→ DATA BLOCK
>>
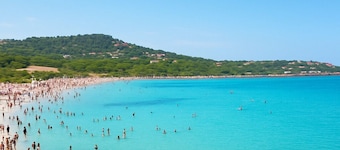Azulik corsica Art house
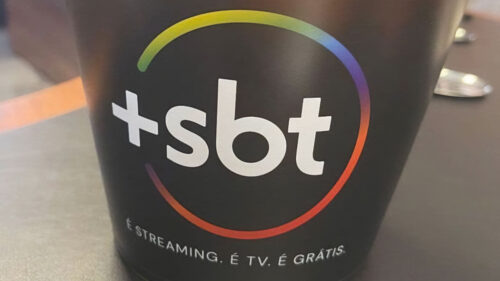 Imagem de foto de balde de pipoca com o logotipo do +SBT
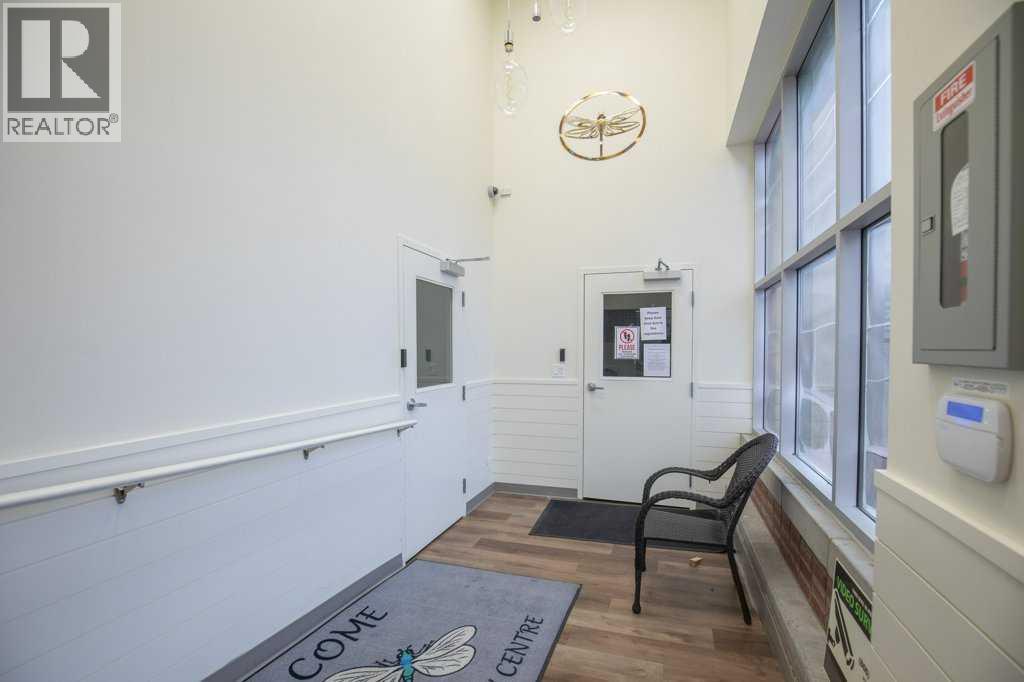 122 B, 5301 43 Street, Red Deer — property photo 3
<<
→ EXERCISE INSTRUCTIONS
What you produce must match the listing word for word, with no images in it.

→ YOUR SOLUTION
Azulik corsica Art house
 Imagem de foto de balde de pipoca com o logotipo do +SBT
 122 B, 5301 43 Street, Red Deer — property photo 3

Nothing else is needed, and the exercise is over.